ABR

OLA Scoring Provides Accurate Representation of Diplomates’ Knowledge

By Brooke Houck, PhD, ABR Associate Director of Assessments Research and Strategy

2025;18(2):11

Online Longitudinal Assessment (OLA) is a continuous assessment program that allows diplomates to engage in learning over the course of their five-year Continuing Certification Part 3 cycle. Having an OLA passing score in the fifth year of each cycle fulfills the Part 3 requirement of Continuing Certification.

Every OLA participant has a unique assessment. It is extremely unlikely for any two participants to see the same questions, in the same order, at the same time. The system offers questions randomly, based on an algorithm that considers, among other things, the exam blueprint and the diplomate’s certification. Therefore, the formula listed below represents scoring for one specific individual and must be applied at the individual level. The questions contained in the “last 200 questions” are unique in that those questions were completed at different times than other participants and may have different difficulty ratings.

Scoring formula

In this example, the participant’s OLA performance is 0.33 above the standard. The scaled standard is zero for all participants. The participant got 80% of their last 200 scorable questions correct, and the average difficulty rating of those questions is 60%. The division of 0.80/0.60 = 1.33, where 1.33 is representative of a raw performance relative to the individual’s criterion-referenced standard. This raw performance is then subtracted from one in order to scale the performance score, resulting in a performance score of 0.33. This should be interpreted as 33% above the minimum passing standard for that individual’s last set of 200 scorable questions.
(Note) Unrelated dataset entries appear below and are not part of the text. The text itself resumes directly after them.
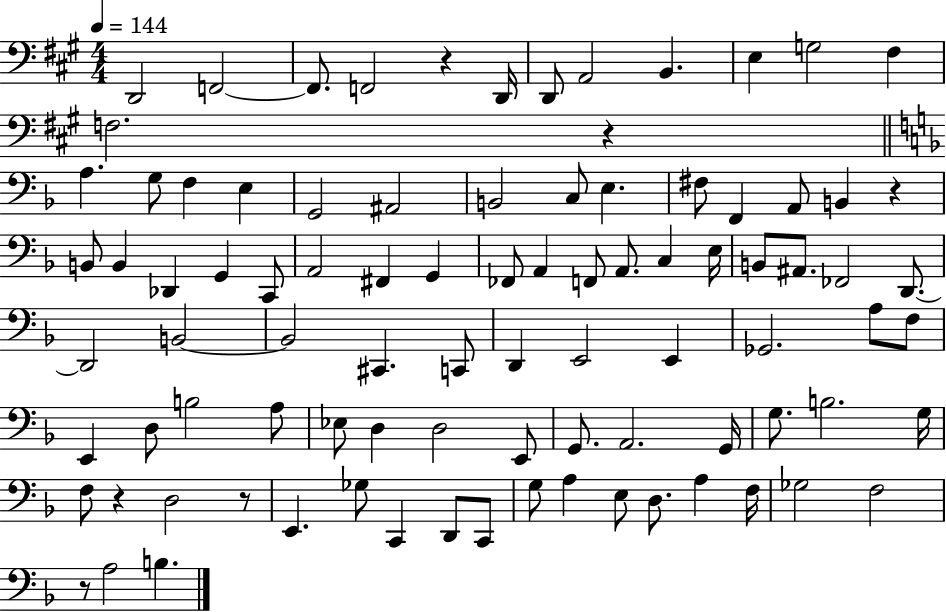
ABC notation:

X:1
T:Untitled
M:4/4
L:1/4
K:A
D,,2 F,,2 F,,/2 F,,2 z D,,/4 D,,/2 A,,2 B,, E, G,2 ^F, F,2 z A, G,/2 F, E, G,,2 ^A,,2 B,,2 C,/2 E, ^F,/2 F,, A,,/2 B,, z B,,/2 B,, _D,, G,, C,,/2 A,,2 ^F,, G,, _F,,/2 A,, F,,/2 A,,/2 C, E,/4 B,,/2 ^A,,/2 _F,,2 D,,/2 D,,2 B,,2 B,,2 ^C,, C,,/2 D,, E,,2 E,, _G,,2 A,/2 F,/2 E,, D,/2 B,2 A,/2 _E,/2 D, D,2 E,,/2 G,,/2 A,,2 G,,/4 G,/2 B,2 G,/4 F,/2 z D,2 z/2 E,, _G,/2 C,, D,,/2 C,,/2 G,/2 A, E,/2 D,/2 A, F,/4 _G,2 F,2 z/2 A,2 B,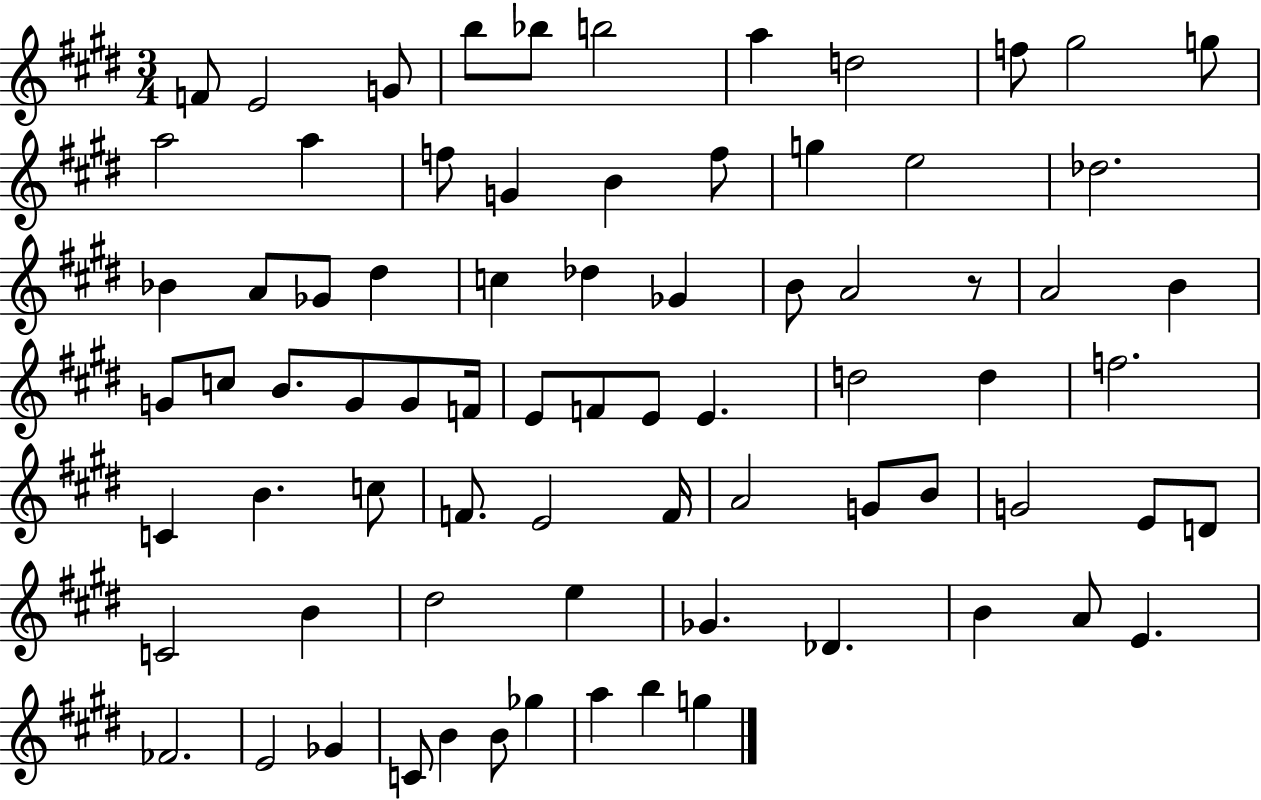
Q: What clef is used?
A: treble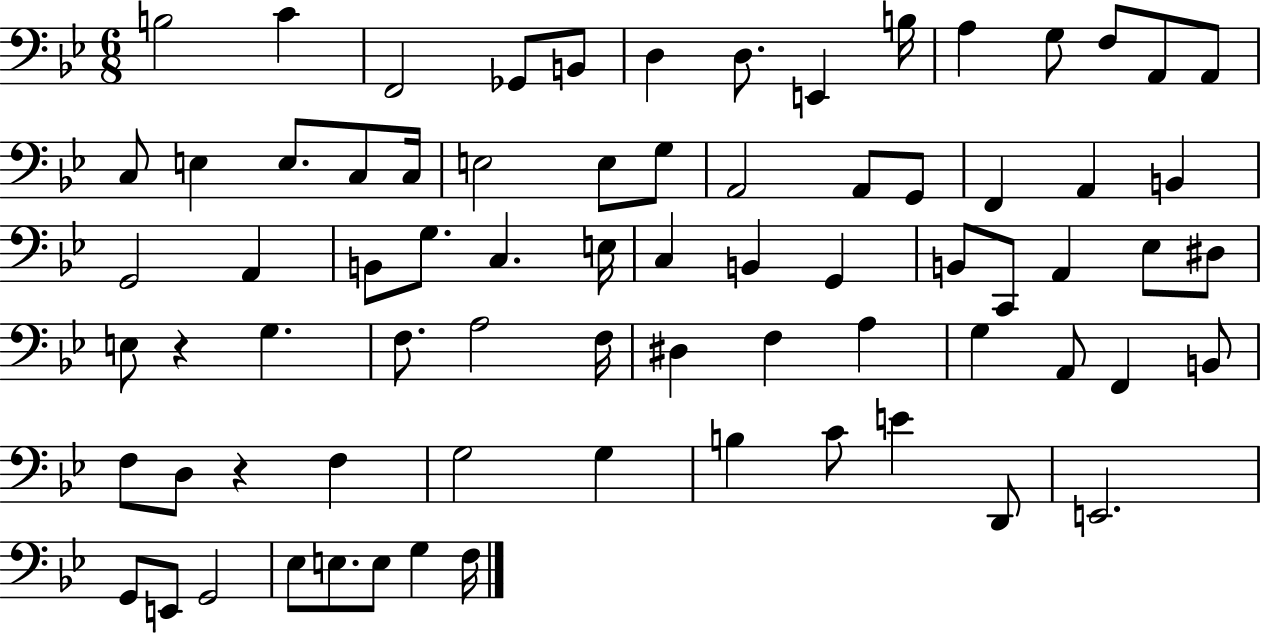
B3/h C4/q F2/h Gb2/e B2/e D3/q D3/e. E2/q B3/s A3/q G3/e F3/e A2/e A2/e C3/e E3/q E3/e. C3/e C3/s E3/h E3/e G3/e A2/h A2/e G2/e F2/q A2/q B2/q G2/h A2/q B2/e G3/e. C3/q. E3/s C3/q B2/q G2/q B2/e C2/e A2/q Eb3/e D#3/e E3/e R/q G3/q. F3/e. A3/h F3/s D#3/q F3/q A3/q G3/q A2/e F2/q B2/e F3/e D3/e R/q F3/q G3/h G3/q B3/q C4/e E4/q D2/e E2/h. G2/e E2/e G2/h Eb3/e E3/e. E3/e G3/q F3/s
Because the assessment is continuous, after 200 questions are completed, additional completed, scorable questions push out the oldest questions from the scorable set, resulting in dynamic scoring that changes to reflect participants’ ongoing performance.

Rating questions over time

Questions are continuously rated; therefore, a question is scored using the rating current to the week in which the question was taken. This is done so that someone who answers correctly on a very difficult question (has a low difficulty rating)¹ gets credit for the question being difficult, even if the question becomes easier later (the difficulty rating increases).

Question difficulty is determined by the average rating given by question raters in OLA. For a question to be scorable, it must be rated at least 10 times; however, ratings are not capped. Over time, the number of ratings for each question grows, changing the question rating over time as new ratings are incorporated. A question might “become easier” over time if the additional ratings greatly increase the question’s difficulty rating. In testing, it is not uncommon for a question’s statistical properties (question difficulty or discrimination) to change over time; this is known as parameter drift and is something that the ABR monitors on all our assessments.

Using the example given previously, if we change the mean difficulty rating to 0.70 (70%), OLA performance is 0.14 (14% above the standard).

The change in the average difficulty rating from 0.60 to 0.70 (i.e., 60% to 70%), while keeping the percent correct at 80%, changes the OLA performance score from 33% above the standard to 14% above the standard. The change of difficulty to 0.70 means that, on average, the questions were easier than the set of questions with an average difficulty rating of 0.60.

Using last 200 scorable questions

OLA is designed to be a flexible assessment wherein participants can both learn from incorrect answers and be assessed for the Part 3 component of Continuing Certification. Using only the last 200 scorable questions provides participants with the opportunity to learn and improve over the course of the five-year Part 3 cycle. Additionally, it improves measurement precision because diplomates are more familiar with the software the longer they use it. This means that performance, as defined by the last 200 scorable questions, always represents the best attempt at mitigating measurement error due to lack of knowledge of the software. It also provides a performance score most closely tied to current knowledge, skills, and abilities by using the most recent 200 scorable questions.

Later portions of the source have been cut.